REQUIREMENT: Repeat only the lines below from the one containing "Maybach S-Class, 2023 все фото" through the one containing "Julien, le lampadaire en tissu plié N°390", inclusive, exactly as written.

EXTRACTED ENTRIES:
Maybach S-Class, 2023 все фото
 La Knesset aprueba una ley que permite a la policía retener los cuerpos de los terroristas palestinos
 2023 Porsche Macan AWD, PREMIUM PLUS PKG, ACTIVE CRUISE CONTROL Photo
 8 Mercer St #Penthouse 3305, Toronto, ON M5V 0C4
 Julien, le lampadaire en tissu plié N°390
--
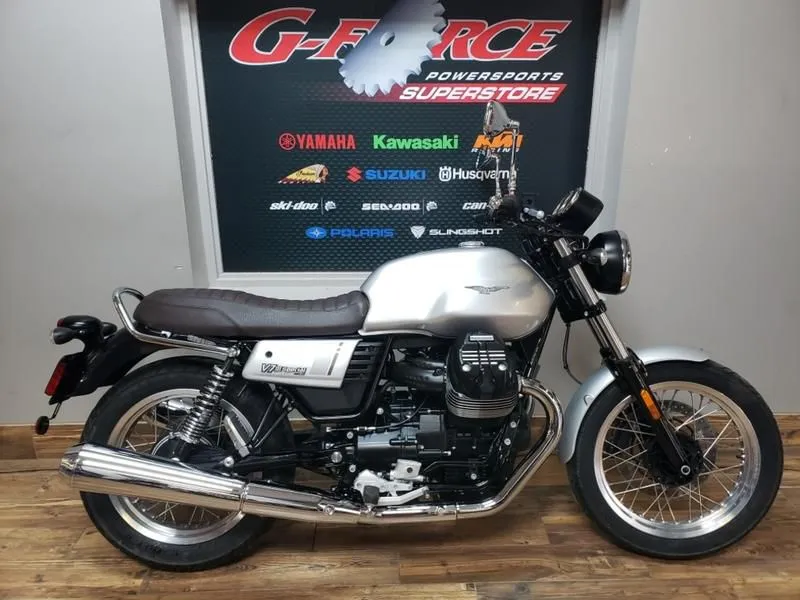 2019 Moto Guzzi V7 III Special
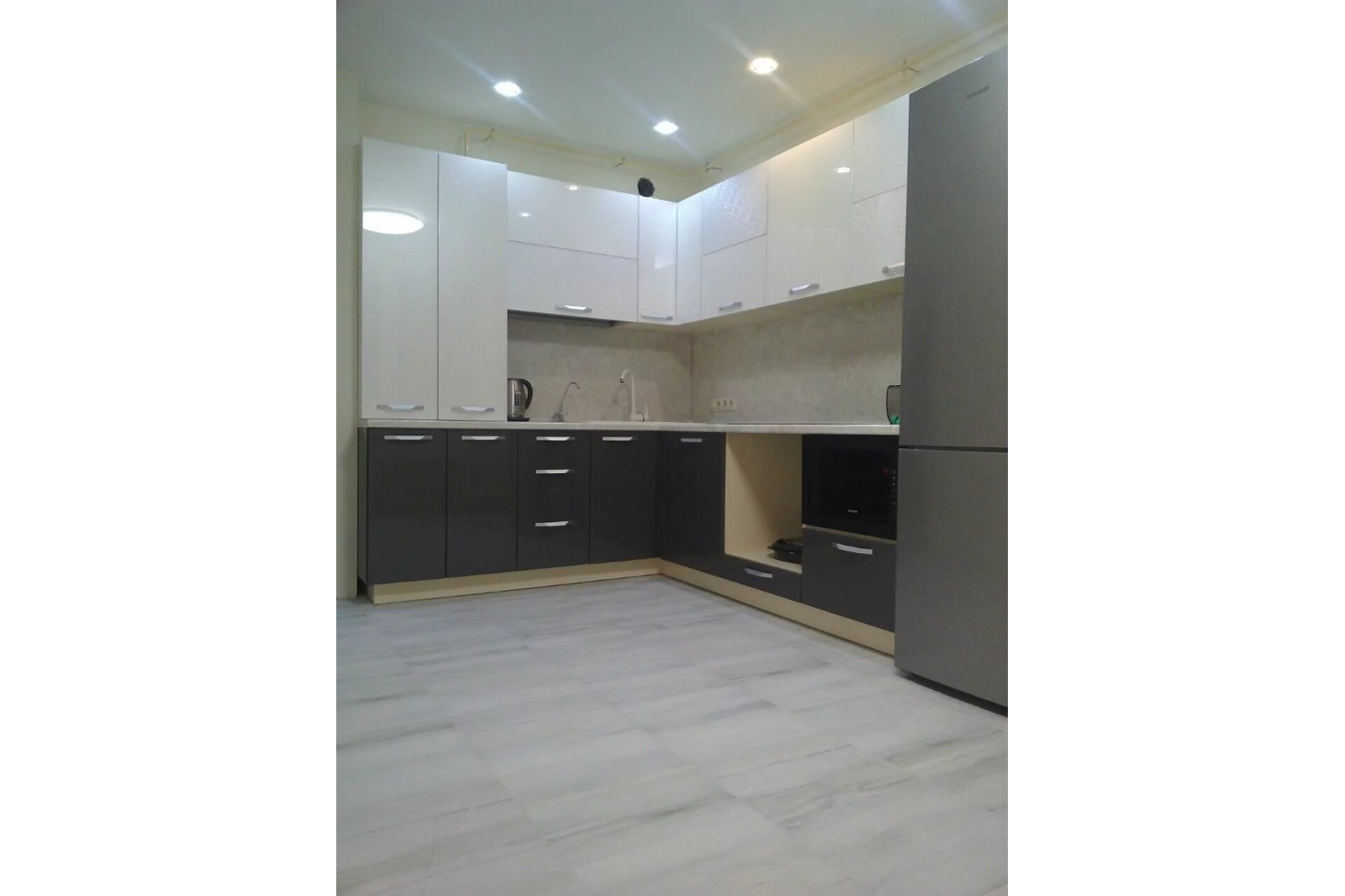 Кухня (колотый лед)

SOLUTION TO THIS EXERCISE:
Maybach S-Class, 2023 все фото
 La Knesset aprueba una ley que permite a la policía retener los cuerpos de los terroristas palestinos
 2023 Porsche Macan AWD, PREMIUM PLUS PKG, ACTIVE CRUISE CONTROL Photo
 8 Mercer St #Penthouse 3305, Toronto, ON M5V 0C4
 Julien, le lampadaire en tissu plié N°390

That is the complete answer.